Raja memimpin diskusi dengan gaya lugas dan cerdas dalam menangkap setiap  gagasan yang muncul. 
“Diskusi ini terbuka untuk semua wartawan. Semakin banyak anggota diskusi semakin banyak pemikiran yang masuk. Kami di sini melihat persoalan bukan hanya dari satu sisi, tetapi dari berbagai sisi dan sudut pandang. Karena kami membutuhkan  pemikiran dari semua 
Peserta,” kata Raja Pane. 
Untuk sementara ini diskusi mengambil tempat berpindah-pindah, karena belum mempunyai kantor tetap. Kadang-kadang berlangsung di ruang rapat media VOI Jalan Tanah Abang, Jakarta Pusat, dan kadang-kadang di ruang rapat Redaksi Suara Merdeka Biro Jakarta di Tebet. 

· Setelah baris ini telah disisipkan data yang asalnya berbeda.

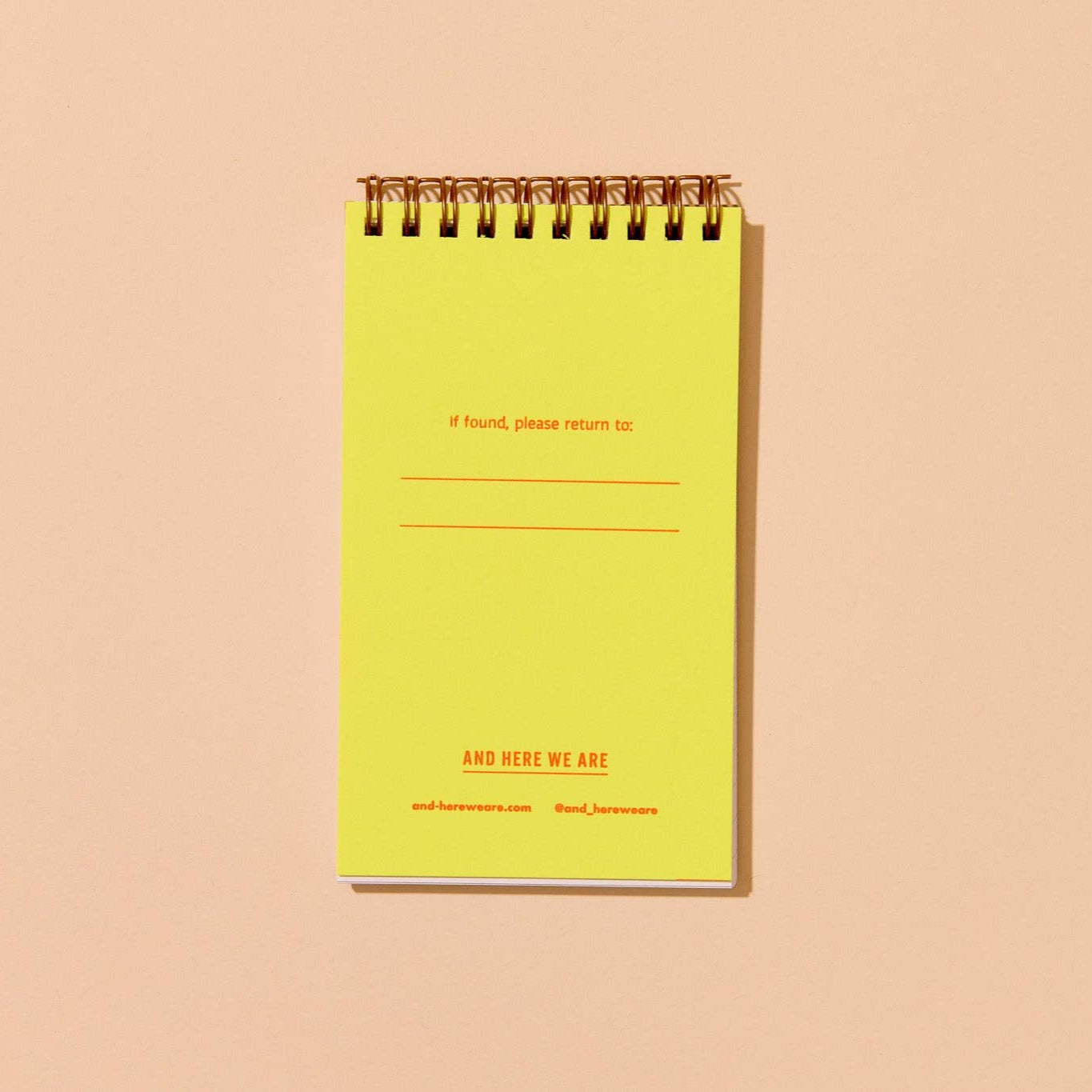 interior flap of shrimp pocket notebook. Has a yellow background with red text that reads "If found, please return to:" along with brand name at bottom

Peserta yang hadir biasanya tidak banyak, sekitar 20 orang. Tetapi audiens sangat banyak di rumah masing-masing. Mereka mengikuti melalui media yang memberitakan hasil diskusi.
Beritanya direproduksi dan diamplifikasi. Gaungnya hampir di seluruh provinsi di Tanah Air, dan bahkan sampai luar negeri karena disebar-luaskan juga oleh media dalam berbagai bahasa dunia. 
Dari diskusi-diskusi kecil itulah FWK membisikkan perjuangan kebangsaan kepada siapa saja yang mau mendengar.